A los ocho años ése, y no otro, era nuestro quehacer, observar para saciar nuestra curiosidad, atiborrarnos de olores, de tactos, de sabores, de colores, de emociones nuevas, …y jugar. Disponíamos de un sinfín de escondites, de rincones y árboles en donde crear y dar rienda suelta a la imaginación. No necesitábamos muñecas de goma ni coches a pilas, teníamos un arsenal de palos y piedras, hojas de níspero, nueces verdes redondas como pelotas, un laurel que subía hasta el cielo dentro del cual desaparecer, un automóvil de piedra en el que viajar todos cuando no tenía sábanas blanqueando en lejía, y un castillo con comederos debajo de la higuera que nos prestaban los cerdos justo después de San Martín. Teníamos un nogal gigante, un níspero con tronco en forma de y griega y una legión de granados puestos en fila cual ejército en formación. Y la sensación inolvidable de tomar la fruta directamente de los árboles.
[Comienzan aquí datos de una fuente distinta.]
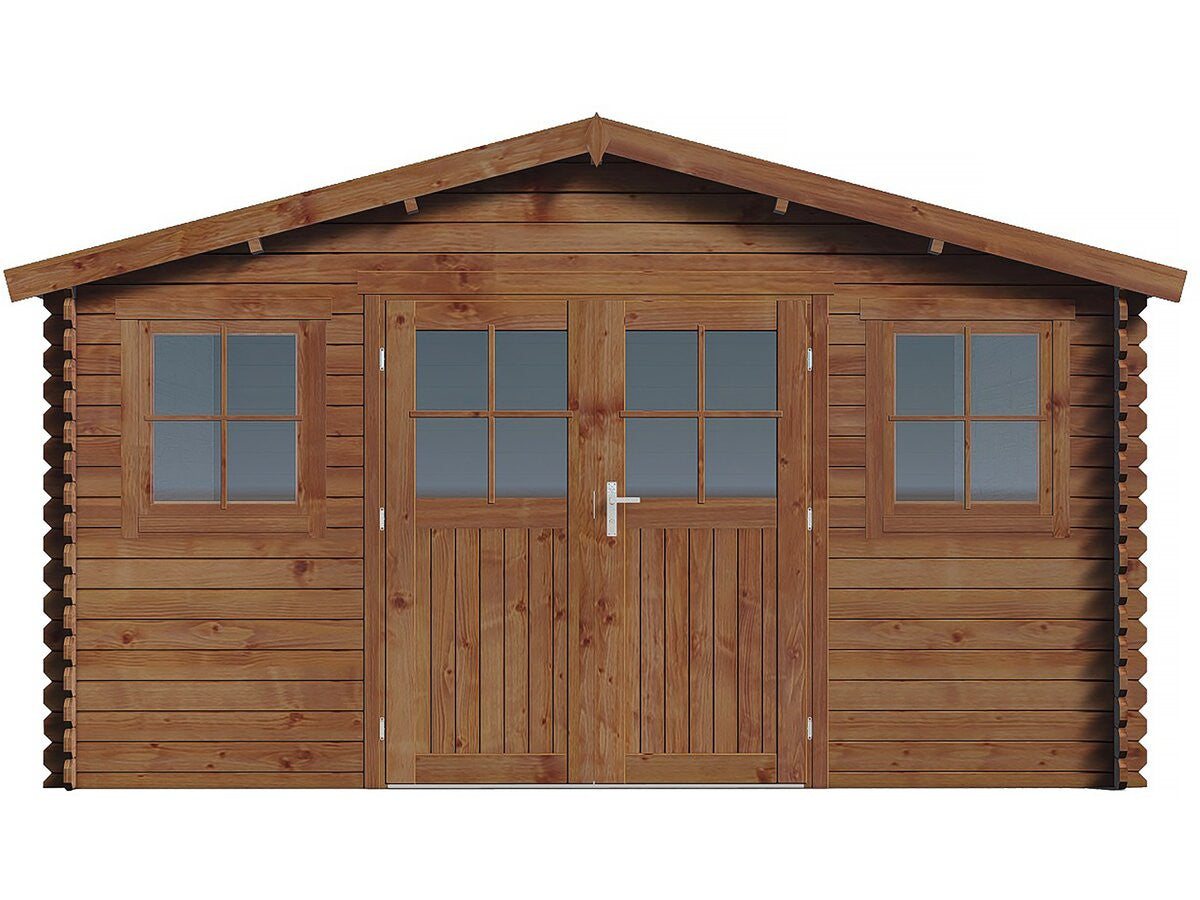 Casetta da giardino in legno autoclave marrone "Lormont" - 21,2 m² - 28 mm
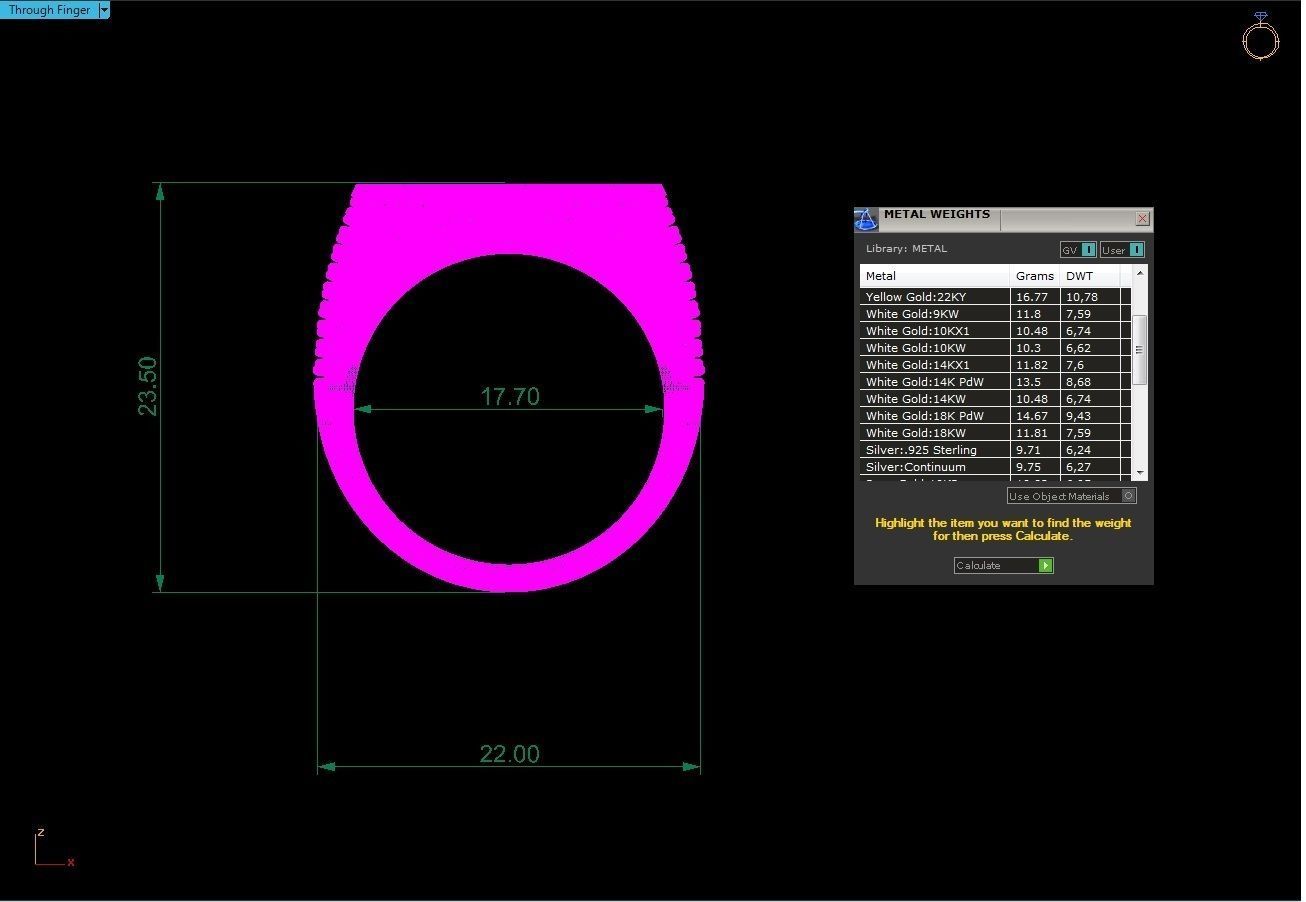 pave wedding ring 3D print model_9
La casa era perfecta para perderse y no ser encontrado durante horas, recuerdo una habitación pequeña en la que había montañas de sal que brillaba como cuando miras a través de un caleidoscopio con un simple giro de muñeca, atravesada por los rayos de sol que entraban por una diminuta ventana; era como entrar en el jardín de las nieves y tenerlo todo para ti. Arriba, tras los peldaños de una escalera de cal, había un granero que olía a maíz y trigo, a la derecha, una camarilla de techo bajo guardaba celosamente una vieja gramola cubierta de polvo que bien hubiera servido de inspiración al mismísimo Bécquer, “del salón en el ángulo oscuro”. En la casa no había tiempo para el tedio, subir al pajar de puntillas y notar bajo tus pies el crujir del suelo, salir al patio a espantar a las gallinas, esconderte en la piconera y salir con la cara tiznada de negro, escapar de la lluvia y ponerte a salvo en la cuadra hasta ver caer, por la ventana que daba a los rosales, muy lentamente, las últimas gotas de las hojas de la enredadera que daba sombra a la alberquilla. Recorrer los maizales, aquel mar infinito sin horizonte, y descansar alrededor de la chimenea tras batallar en nuestra pequeña patria sin bandera.
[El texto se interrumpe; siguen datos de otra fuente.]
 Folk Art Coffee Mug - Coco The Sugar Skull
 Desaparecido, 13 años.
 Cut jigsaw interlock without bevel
Aquel rincón de la cocina nos reunía para el silencio y también para la fiesta, su recuerdo, cada año, me aviva con el chisporroteo de sus llamas, el verdadero sentido de la Navidad, cuando la familia engalanaba la mesa y no los platos más elaborados.
Pero sin duda, el lugar principal, el epicentro, el punto alrededor del cual giraban los días azules en nuestro paraíso, era el recinto de la alberca. Los veranos se convertían en un punto y aparte en la monotonía de nuestras vidas de escuela, disciplina y horarios, cuando todos los caminos eran posibles y el mañana una promesa que nadie se afanaba en cumplir. Era tiempo de piel y de agua transparente. El sol sólo iluminaba el celeste de cada estío, nunca llegaba a quemar lo suficiente las lindes de la tarde, y el silencio se hacía utopía bajo la sombra de una parra. Por la noche, cuando el aroma de los jazmines se hacía más intenso y las sombras buscaban su sitio, un cielo oscuro, casi negro, desplegaba su seda de mago para que pudiéramos contar una estrella tras otra con la complicidad de la luna.
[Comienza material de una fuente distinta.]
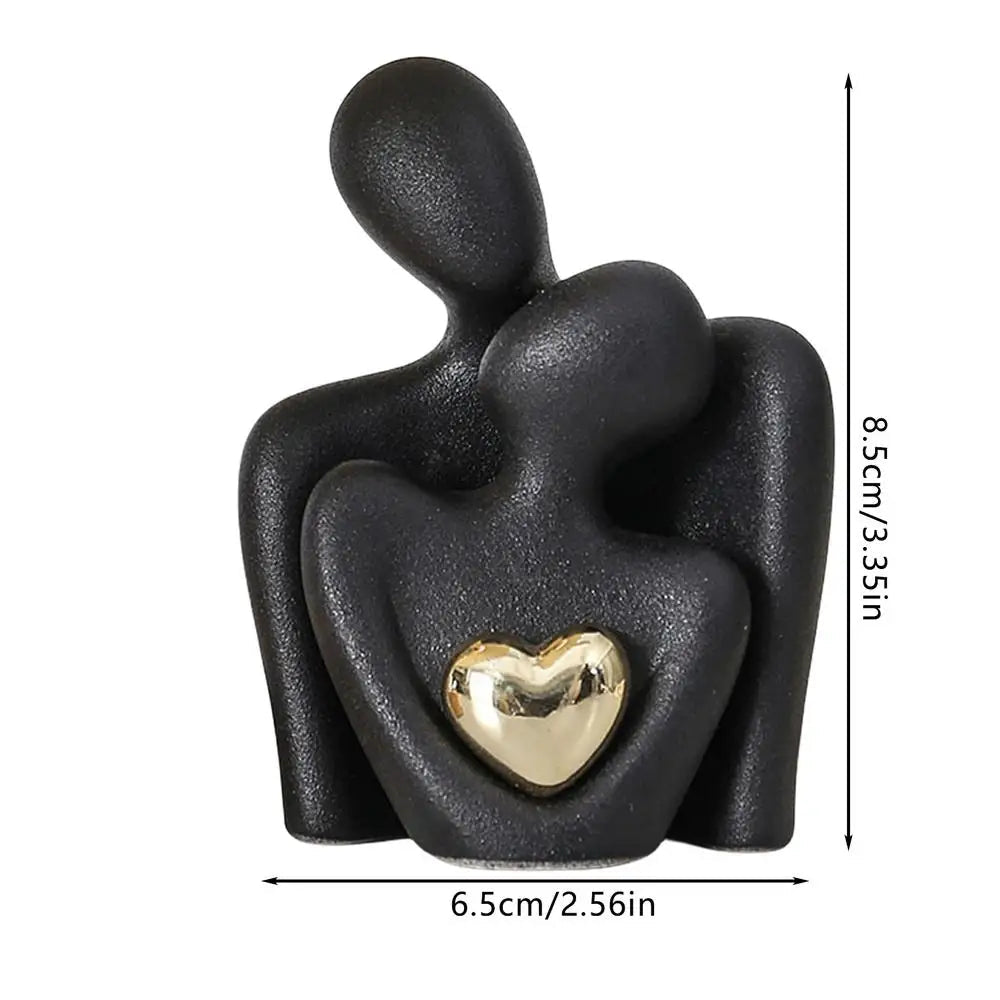 Modern Decorative Abstract Couple Statue | Luxury Home Accessories | Heulog Glow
Sé que me faltan palabras para expresar todo lo que aquel lugar significó y aún significa en mi vida, las busco y no las encuentro, me afano inútilmente en hallar la expresión precisa, la frase perfecta para definir la atmósfera que nos rozaba en aquel paraíso, algo creado por no sé qué inmensa fuerza del universo y que sólo se siente en el lecho del alma.
Hoy, cuando paseo por las calles que un día fueron la tierra de mi paraíso, no veo aceras ni farolas ni casas, sólo consigo ver los escombros del lavadero y los muros derribados de la casa de la huerta. Pero me reconforta pensar que guardan el eco de mi párvula voz, y que existen huellas que aún reconocen mis pasos.